Word frequency statistics

更新时间:
复制 MD 格式

Word frequency statistics is a text analysis method that converts text into numerical features by counting word occurrences. The results provide foundational data for feature extraction in subsequent Natural Language Processing tasks, such as text classification, clustering, and information retrieval.

Algorithm

Word frequency is the number of times a word appears in a specific corpus, which helps measure a word's importance in the text. To calculate word frequency, the component first tokenizes the document content (docContent) into words. Then, for each document, the component outputs its document ID (docId) and the associated word data in the input order. Finally, it counts the occurrences of each word within that document. This process reveals the lexical structure of the text and supports subsequent text analysis tasks such as text classification, topic modeling, and information retrieval.

Input and output

Input port

Split Word

Output ports

Component configuration

Method 1: Designer

In the Designer pipeline page, add the Word Frequency Statistics component and configure its parameters in the right pane.

Parameter group

Parameter

Description

Field Settings

Document ID column

Select the document ID column (docId).

Document content column

Select the document content column (docContent). The text in this column is tokenized and used to calculate word frequencies.

Tuning

Number of cores

The number of cores for the job.

Memory size per core

The memory allocated to each core, in MB.

Method 2: PAI command

You can also configure the Word Frequency Statistics component by running a PAI command in the SQL Script component. For more information, see Run a PAI command in the SQL Script component.

pai -name doc_word_stat
    -project algo_public
    -DinputTableName=tdl_doc_test_split_word
    -DdocId=docid
    -DdocContent=content
    -DoutputTableNameMulti=doc_test_stat_multi
    -DoutputTableNameTriple=doc_test_stat_triple
    -DinputTablePartitions="region=cctv_news"
    -Dlifecycle=7

Parameter

Required

Default

Description

inputTableName

Yes

None

The name of the input table.

docId

Yes

None

The name of the document ID column. You can specify only one column.

docContent

Yes

None

The name of the document content column. You can specify only one column.

outputTableNameMulti

Yes

None

The name of the output table that stores tokenized words in their original order. This table contains the document ID (from the docId column) and the corresponding tokenized data. Words are listed sequentially as they appear in the original document.

outputTableNameTriple

No

None

The name of the output table for word frequency counts. The output is in a triple format, containing the document ID, the word, and its frequency count.

inputTablePartitions

No

All partitions

The partitions of the input table for processing. The following formats are supported:

  • partition_name=value

  • name1=value1/name2=value2: multi-level partitions

Note

To specify multiple partition values, separate them with a comma, for example, name1=value1,value2.

lifecycle

No

-1

The lifecycle of the output table, in days. The value must be a positive integer. A value of -1 indicates that the table is permanent.

Component outputs

  • Output port 1: Triple output

    The triple output contains three columns: id, word, and count. These columns represent the document ID, the tokenized word, and its frequency count, respectively. For example, the word "cloud" might have a count of 3, "analytics" a count of 2, and other words a count of 1.

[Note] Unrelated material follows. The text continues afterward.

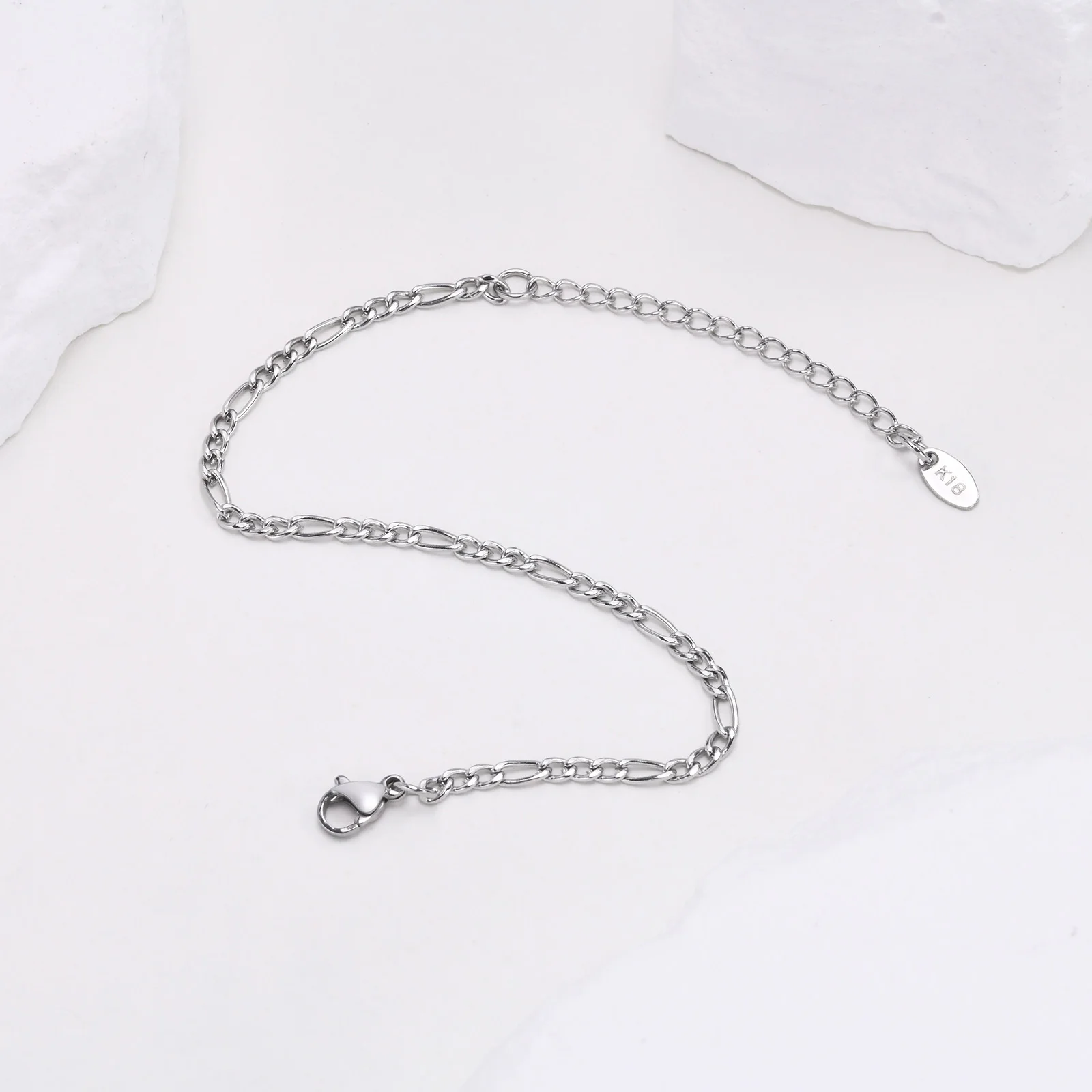 3mm Figaro Chain Bracelet Stainless Steel Gold Plated for Women Adjustable Link Jewelry Gift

  • Output port 2: Multi-row output. This output table contains two columns: id and word, representing the document ID and the corresponding tokenized word.

    This port outputs a table that lists words sequentially as they appear in the document. It does not count word occurrences, so a word may appear multiple times for the same document. This output format is designed primarily for compatibility with the Word2Vec component.